Required action:
Although the data below holds other lines too, output only those from the line with "Gaming Set Işıklı" up to and including the line with "Chaps Short-Sleeve Button-Down", exactly as they appear.

Supplied information:

#####

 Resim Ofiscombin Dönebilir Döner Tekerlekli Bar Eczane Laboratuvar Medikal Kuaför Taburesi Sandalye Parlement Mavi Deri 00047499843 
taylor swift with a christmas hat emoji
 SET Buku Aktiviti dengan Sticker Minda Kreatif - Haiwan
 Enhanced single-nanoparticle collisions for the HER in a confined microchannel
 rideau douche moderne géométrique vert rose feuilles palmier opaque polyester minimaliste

#####

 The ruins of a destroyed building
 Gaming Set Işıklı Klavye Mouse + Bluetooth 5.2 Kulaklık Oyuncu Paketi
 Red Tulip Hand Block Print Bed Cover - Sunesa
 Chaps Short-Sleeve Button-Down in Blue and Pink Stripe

#####

Result of the exercise:
 Gaming Set Işıklı Klavye Mouse + Bluetooth 5.2 Kulaklık Oyuncu Paketi
 Red Tulip Hand Block Print Bed Cover - Sunesa
 Chaps Short-Sleeve Button-Down in Blue and Pink Stripe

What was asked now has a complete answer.